Aquilius indiqua la pierre levée et Brennus sursauta de peur, tandis que ses guerriers murmuraient entre eux.
— Que se passe-t-il ? demanda Aquilius. Je croyais que votre peuple n’avait peur de rien, à part de la chute de la voûte céleste.
— Cette pierre indique l’entrée du domaine de la déesse Arduinna, répondit Brennus, craintif. De dangereux esprits et autres génies malveillants de l’Autre-Monde y vivraient et pourraient nous infliger les pires châtiments.

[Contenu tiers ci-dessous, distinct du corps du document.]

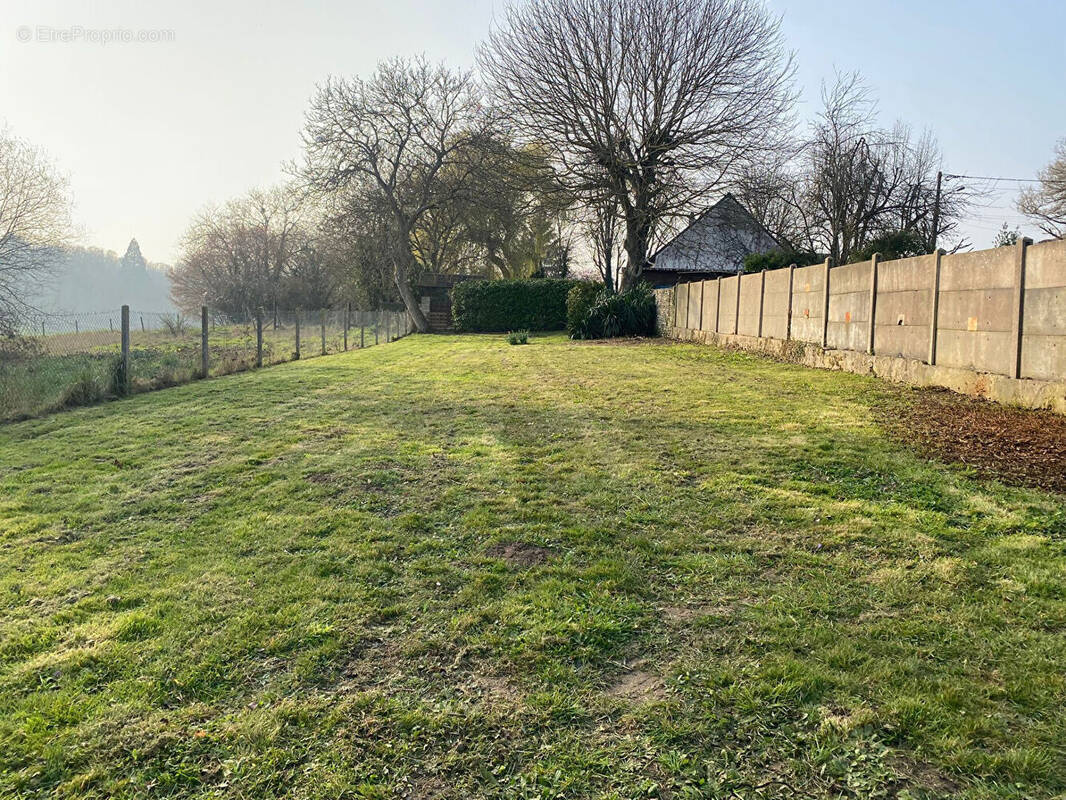 Terrain à FONTENAY-SAINT-PERE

— Vous me décevez, vous, un grand guerrier digne de votre peuple. Vous disiez être prêt à affronter les dieux pour la richesse et la gloire ! Si vous m’accompagnez dans cette forêt, vous recevrez les plus hautes distinctions, tout cela accompagné de nombreuses richesses, tant en terres fertiles qu’en pièces de monnaie.
D’abord partagé entre la crainte superstitieuse et la soif de gloire, le chef gaulois finit par se décider. Il s’adressa à ses guerriers avec fougue et hargne dans un dialecte incompréhensible pour Aquilius. Les auxiliaires brandirent leurs armes et poussèrent des cris de fureur guerrière. Satisfait, Aquilius les fit entrer dans la forêt d’Arduinna, où bien des dangers rôdaient.